[Activity] In the material below, find the line with "SNEAKERS DONNA MICHAEL" and the line with "Aros VIENTO - Rojo Rosado - Nura", then output both and every line between them exactly, omitting pictures.

[The data]
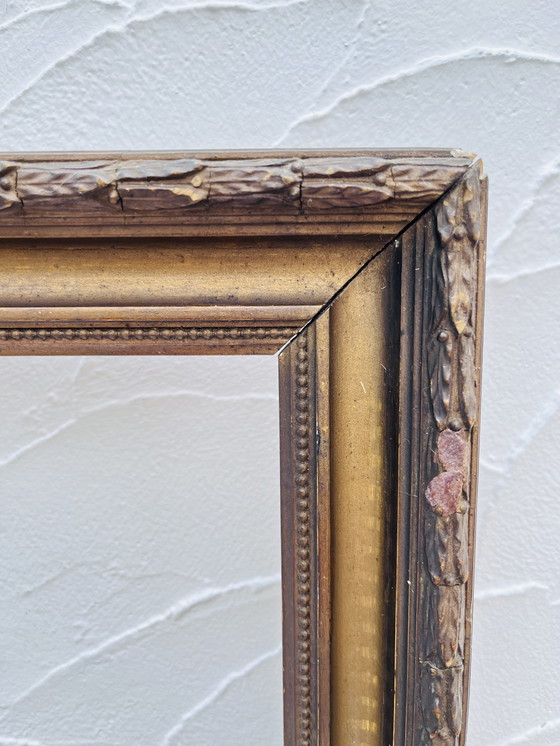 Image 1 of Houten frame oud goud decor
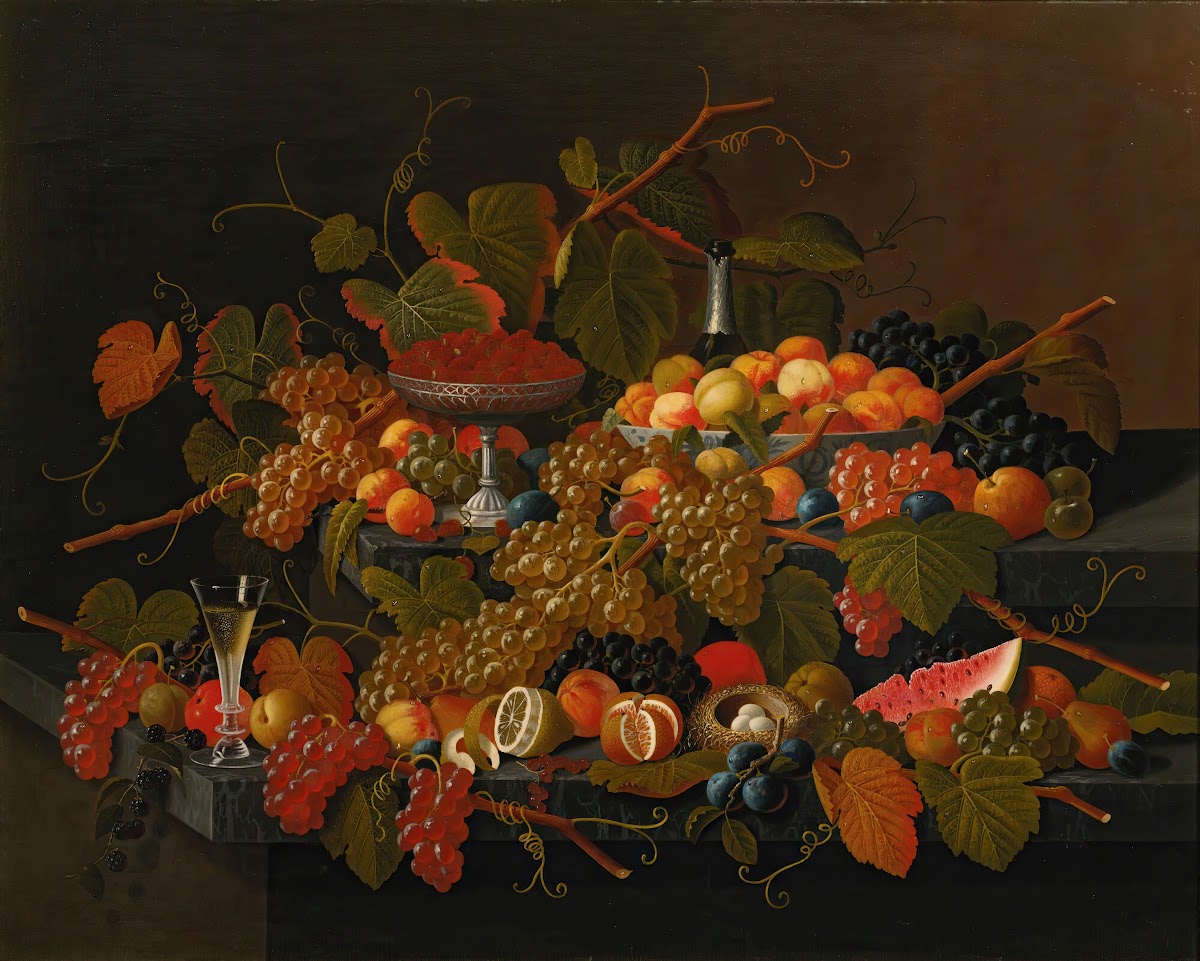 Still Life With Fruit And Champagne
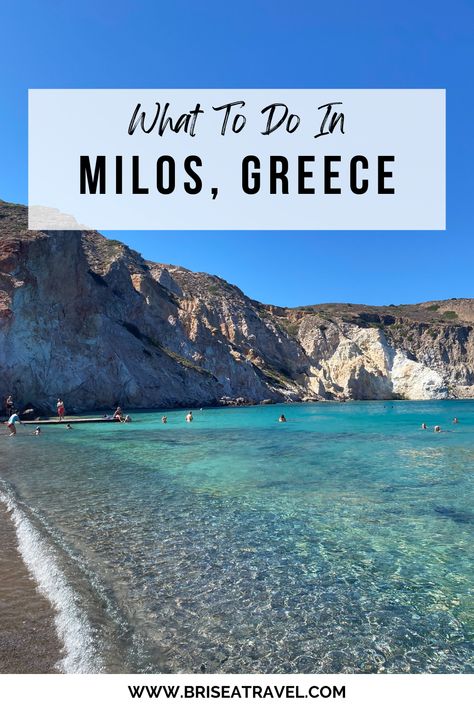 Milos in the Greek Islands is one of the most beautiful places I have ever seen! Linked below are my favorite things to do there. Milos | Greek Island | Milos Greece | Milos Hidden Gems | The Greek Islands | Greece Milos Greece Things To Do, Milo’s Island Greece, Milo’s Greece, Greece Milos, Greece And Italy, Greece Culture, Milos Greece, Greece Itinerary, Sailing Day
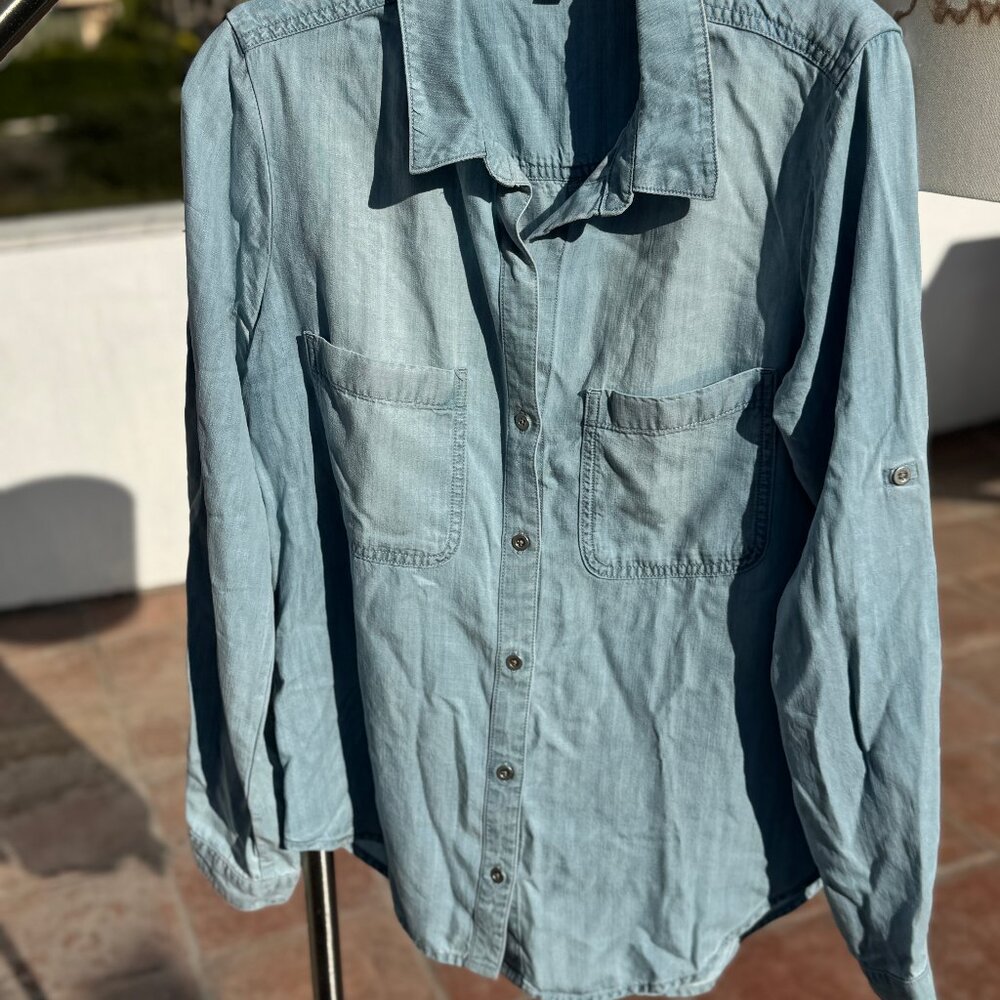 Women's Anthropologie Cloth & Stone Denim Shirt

...

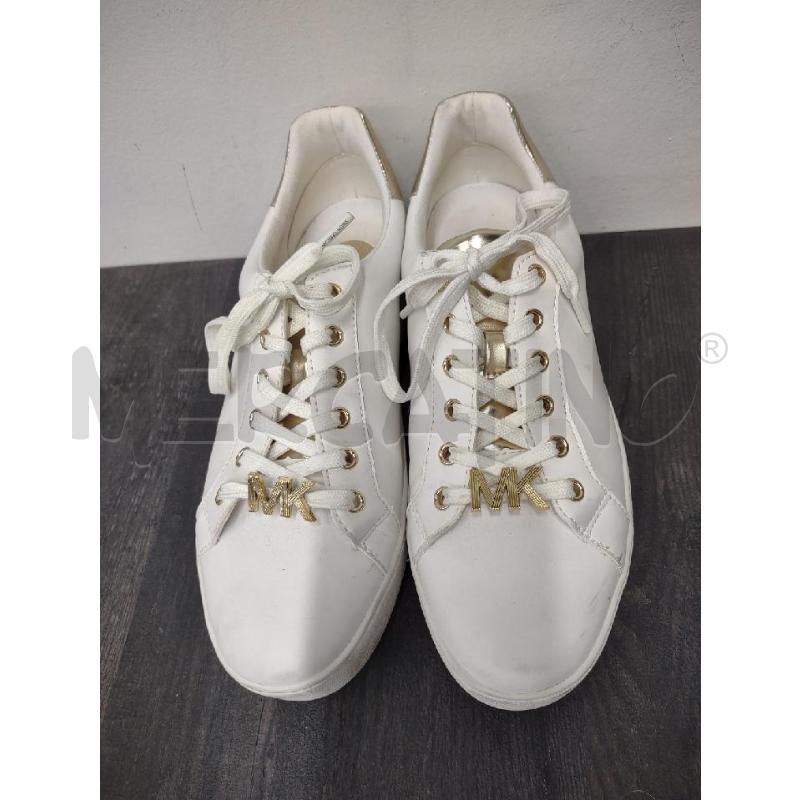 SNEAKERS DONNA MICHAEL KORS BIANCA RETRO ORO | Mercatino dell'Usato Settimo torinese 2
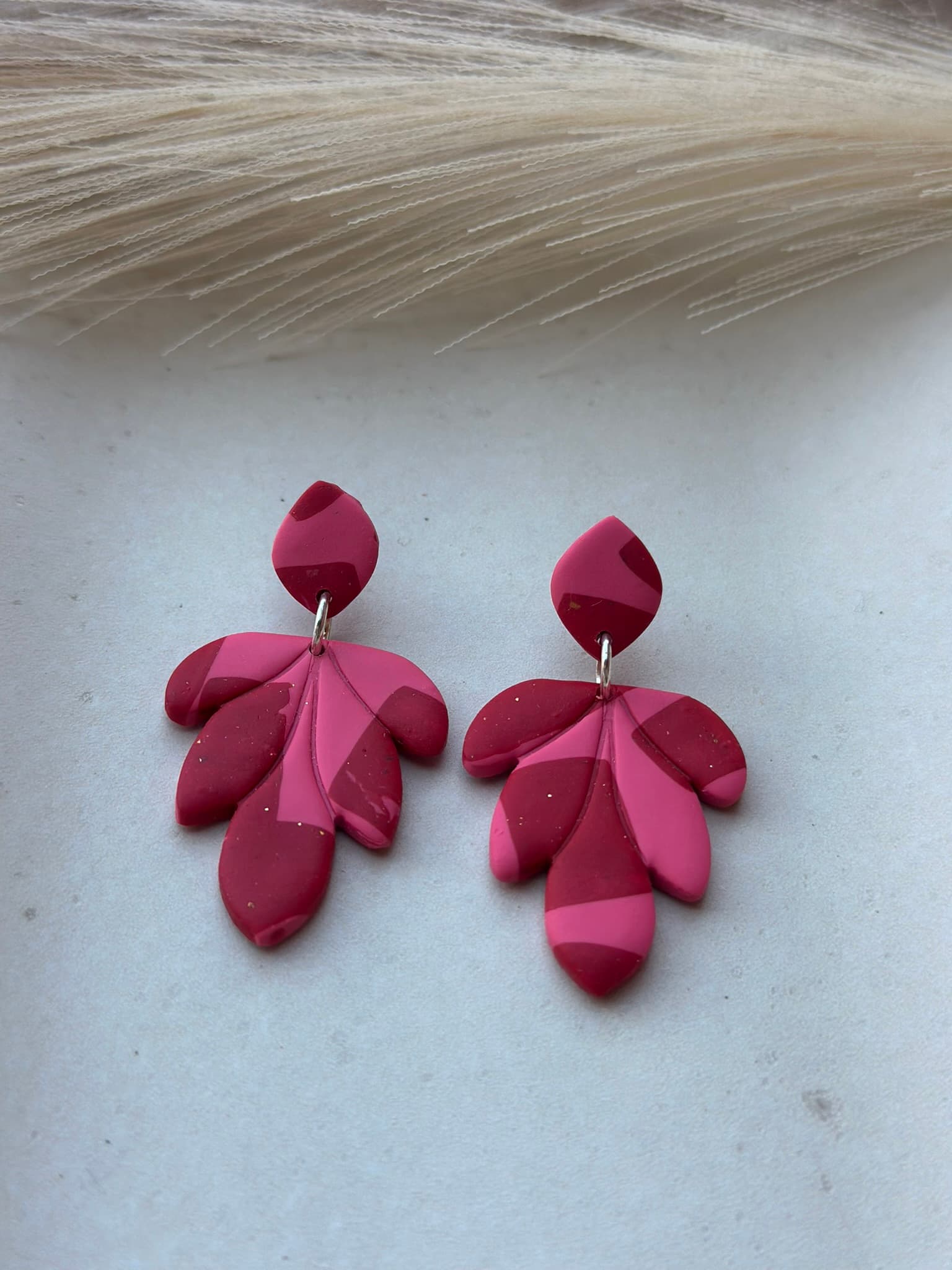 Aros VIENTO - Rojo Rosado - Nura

[Reply to the exercise]
 SNEAKERS DONNA MICHAEL KORS BIANCA RETRO ORO | Mercatino dell'Usato Settimo torinese 2
 Aros VIENTO - Rojo Rosado - Nura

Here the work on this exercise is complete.